Local girl Geraldine O’Reilly, aged 15, and Offaly native Patrick Stanley, 16, died when a car bomb exploded in the town 40 years ago yesterday. Their families continue to press for an inquiry.

“It comes as a further disappointment to the bereaved families in their search for truth and justice that files on the Belturbet bombing and the related bombings in Clones, County Monaghan and Pettigo, County Donegal on the same day, should be withheld by the Department of Justice,” said the Sinn Féin deputy. “Minister Shatter should release them without further delay and I am writing to him to request that he do so.”

A loyalist group is believed to be responsible for the events of 28 December but no person has ever been charged. Eight others were injured in the Belturbet explosion, while two were seriously injured in Clones.

The Justice for the Forgotten group say that Geraldine was on her Christmas holidays from school on that ill-fated day and had travelled into the town with her brother to buy chips.
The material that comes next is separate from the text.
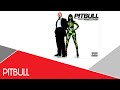 I Know You Want Me (Calle Ocho) (Instrumental ...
The explosion happened when she was in the shop, waiting to be served. Her brother Anthony was one of the injured.

The second victim, 16-year-old Paddy Stanley was also on his holidays from school. He had taken a holiday job as a helper on a gas-delivery truck and the driver had decided to stay overnight in Belturbet because of a problem with the vehicle.

When the bomb exploded, the teen was in the public phone kiosk on Main Street, trying to telephone his parents to tell them he would not be home. He suffered massive head injuries and was killed instantly.